(Records from a dataset)

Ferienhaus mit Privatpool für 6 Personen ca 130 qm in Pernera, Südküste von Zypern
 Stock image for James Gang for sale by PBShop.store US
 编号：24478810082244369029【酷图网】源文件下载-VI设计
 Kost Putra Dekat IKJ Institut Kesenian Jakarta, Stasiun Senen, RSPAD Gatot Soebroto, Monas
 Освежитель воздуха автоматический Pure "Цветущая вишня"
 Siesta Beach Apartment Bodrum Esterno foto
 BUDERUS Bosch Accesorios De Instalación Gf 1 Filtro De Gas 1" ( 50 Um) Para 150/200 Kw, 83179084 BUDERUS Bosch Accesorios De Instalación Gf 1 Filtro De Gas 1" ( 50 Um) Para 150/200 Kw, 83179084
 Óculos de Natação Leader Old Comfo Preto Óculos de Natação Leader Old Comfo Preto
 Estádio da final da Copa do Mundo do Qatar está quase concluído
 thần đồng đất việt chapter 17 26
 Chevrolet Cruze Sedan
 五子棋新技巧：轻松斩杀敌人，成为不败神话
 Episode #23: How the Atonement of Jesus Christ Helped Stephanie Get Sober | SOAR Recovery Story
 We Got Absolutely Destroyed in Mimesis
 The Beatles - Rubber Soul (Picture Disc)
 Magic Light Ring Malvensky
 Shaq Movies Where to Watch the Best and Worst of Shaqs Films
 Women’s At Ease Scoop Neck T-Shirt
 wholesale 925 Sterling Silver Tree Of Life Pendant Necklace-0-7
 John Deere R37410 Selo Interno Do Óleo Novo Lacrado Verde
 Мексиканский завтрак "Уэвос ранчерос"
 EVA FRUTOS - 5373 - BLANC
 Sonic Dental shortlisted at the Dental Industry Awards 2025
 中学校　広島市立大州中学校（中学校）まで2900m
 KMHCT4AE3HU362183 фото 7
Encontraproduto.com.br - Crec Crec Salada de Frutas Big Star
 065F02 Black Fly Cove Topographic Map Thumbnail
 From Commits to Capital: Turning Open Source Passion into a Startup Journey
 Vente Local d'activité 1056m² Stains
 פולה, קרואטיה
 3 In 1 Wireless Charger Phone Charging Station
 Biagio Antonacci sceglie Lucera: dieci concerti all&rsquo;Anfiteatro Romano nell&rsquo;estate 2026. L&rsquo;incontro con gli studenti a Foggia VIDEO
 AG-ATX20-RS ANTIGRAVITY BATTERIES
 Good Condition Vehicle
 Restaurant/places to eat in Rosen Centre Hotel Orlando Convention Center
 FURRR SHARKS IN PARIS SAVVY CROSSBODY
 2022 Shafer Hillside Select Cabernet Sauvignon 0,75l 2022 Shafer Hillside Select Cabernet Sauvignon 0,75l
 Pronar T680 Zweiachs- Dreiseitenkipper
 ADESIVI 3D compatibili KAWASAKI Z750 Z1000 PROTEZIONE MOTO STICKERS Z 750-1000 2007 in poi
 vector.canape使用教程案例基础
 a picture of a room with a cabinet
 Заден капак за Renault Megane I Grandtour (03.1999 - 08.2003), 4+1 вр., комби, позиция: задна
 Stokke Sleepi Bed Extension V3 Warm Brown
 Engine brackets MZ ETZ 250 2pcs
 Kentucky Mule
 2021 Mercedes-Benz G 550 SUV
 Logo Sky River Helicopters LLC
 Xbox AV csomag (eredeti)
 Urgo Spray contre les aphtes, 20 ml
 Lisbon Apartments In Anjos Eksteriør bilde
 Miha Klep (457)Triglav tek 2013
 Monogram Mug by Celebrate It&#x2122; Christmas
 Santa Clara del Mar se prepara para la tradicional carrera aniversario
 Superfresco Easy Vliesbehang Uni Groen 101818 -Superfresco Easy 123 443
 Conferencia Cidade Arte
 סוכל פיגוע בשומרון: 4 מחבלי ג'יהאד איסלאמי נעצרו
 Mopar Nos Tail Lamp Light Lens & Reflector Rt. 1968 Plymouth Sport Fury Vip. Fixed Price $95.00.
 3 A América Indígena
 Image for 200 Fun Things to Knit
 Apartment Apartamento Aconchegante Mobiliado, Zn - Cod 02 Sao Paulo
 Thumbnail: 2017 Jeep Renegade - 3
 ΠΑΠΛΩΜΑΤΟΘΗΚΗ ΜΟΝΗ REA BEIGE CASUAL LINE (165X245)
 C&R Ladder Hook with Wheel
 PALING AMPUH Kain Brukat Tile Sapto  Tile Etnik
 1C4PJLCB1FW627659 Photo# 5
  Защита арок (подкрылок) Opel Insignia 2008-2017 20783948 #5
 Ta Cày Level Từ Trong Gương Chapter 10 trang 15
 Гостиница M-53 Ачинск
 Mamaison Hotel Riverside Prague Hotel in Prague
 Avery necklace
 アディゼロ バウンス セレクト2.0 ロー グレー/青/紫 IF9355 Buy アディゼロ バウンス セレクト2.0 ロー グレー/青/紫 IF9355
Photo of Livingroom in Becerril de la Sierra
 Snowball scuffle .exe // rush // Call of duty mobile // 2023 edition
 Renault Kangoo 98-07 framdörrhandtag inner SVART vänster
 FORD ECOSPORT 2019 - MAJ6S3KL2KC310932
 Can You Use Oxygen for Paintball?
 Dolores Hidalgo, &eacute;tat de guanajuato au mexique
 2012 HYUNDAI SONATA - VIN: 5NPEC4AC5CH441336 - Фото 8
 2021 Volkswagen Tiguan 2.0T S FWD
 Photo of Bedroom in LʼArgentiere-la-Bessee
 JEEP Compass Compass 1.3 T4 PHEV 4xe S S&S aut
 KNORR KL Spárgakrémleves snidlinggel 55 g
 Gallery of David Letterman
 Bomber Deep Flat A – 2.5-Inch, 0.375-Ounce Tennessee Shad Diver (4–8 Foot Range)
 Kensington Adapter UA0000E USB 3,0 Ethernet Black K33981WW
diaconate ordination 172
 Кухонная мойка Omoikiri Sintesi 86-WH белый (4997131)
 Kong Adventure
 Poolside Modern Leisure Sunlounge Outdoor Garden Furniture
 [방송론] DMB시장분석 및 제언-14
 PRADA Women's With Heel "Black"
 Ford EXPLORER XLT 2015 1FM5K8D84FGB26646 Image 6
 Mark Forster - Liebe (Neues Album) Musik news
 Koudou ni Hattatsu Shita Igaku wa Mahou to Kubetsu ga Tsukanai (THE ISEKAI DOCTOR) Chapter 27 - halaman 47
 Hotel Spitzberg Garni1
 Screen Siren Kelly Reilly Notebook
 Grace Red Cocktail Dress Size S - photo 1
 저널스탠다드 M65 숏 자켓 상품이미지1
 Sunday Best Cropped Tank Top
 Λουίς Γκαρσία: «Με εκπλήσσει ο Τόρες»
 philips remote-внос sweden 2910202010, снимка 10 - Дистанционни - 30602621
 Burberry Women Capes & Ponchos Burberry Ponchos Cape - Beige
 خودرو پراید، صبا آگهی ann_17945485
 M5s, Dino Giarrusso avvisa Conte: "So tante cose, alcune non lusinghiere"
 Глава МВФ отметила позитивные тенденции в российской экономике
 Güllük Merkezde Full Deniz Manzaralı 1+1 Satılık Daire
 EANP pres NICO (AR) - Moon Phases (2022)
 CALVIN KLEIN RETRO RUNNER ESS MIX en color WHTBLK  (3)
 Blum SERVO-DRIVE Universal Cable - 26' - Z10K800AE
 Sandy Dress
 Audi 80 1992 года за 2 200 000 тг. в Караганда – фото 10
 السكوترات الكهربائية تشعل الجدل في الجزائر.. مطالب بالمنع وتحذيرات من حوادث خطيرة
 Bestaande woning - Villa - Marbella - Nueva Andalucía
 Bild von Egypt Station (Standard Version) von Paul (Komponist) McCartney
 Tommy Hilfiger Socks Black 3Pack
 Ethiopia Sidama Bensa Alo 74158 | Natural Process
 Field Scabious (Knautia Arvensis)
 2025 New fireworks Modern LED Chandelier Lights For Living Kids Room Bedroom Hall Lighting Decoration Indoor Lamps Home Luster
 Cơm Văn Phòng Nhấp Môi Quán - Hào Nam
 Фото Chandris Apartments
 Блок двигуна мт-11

*EXERCISE DESCRIPTION*.
Each line from the top of the entries above through the line containing "五子棋新技巧：轻松斩杀敌人，成为不败神话" must be transcribed exactly, and no other line may appear.

*RESULT*.
Ferienhaus mit Privatpool für 6 Personen ca 130 qm in Pernera, Südküste von Zypern
 Stock image for James Gang for sale by PBShop.store US
 编号：24478810082244369029【酷图网】源文件下载-VI设计
 Kost Putra Dekat IKJ Institut Kesenian Jakarta, Stasiun Senen, RSPAD Gatot Soebroto, Monas
 Освежитель воздуха автоматический Pure "Цветущая вишня"
 Siesta Beach Apartment Bodrum Esterno foto
 BUDERUS Bosch Accesorios De Instalación Gf 1 Filtro De Gas 1" ( 50 Um) Para 150/200 Kw, 83179084 BUDERUS Bosch Accesorios De Instalación Gf 1 Filtro De Gas 1" ( 50 Um) Para 150/200 Kw, 83179084
 Óculos de Natação Leader Old Comfo Preto Óculos de Natação Leader Old Comfo Preto
 Estádio da final da Copa do Mundo do Qatar está quase concluído
 thần đồng đất việt chapter 17 26
 Chevrolet Cruze Sedan
 五子棋新技巧：轻松斩杀敌人，成为不败神话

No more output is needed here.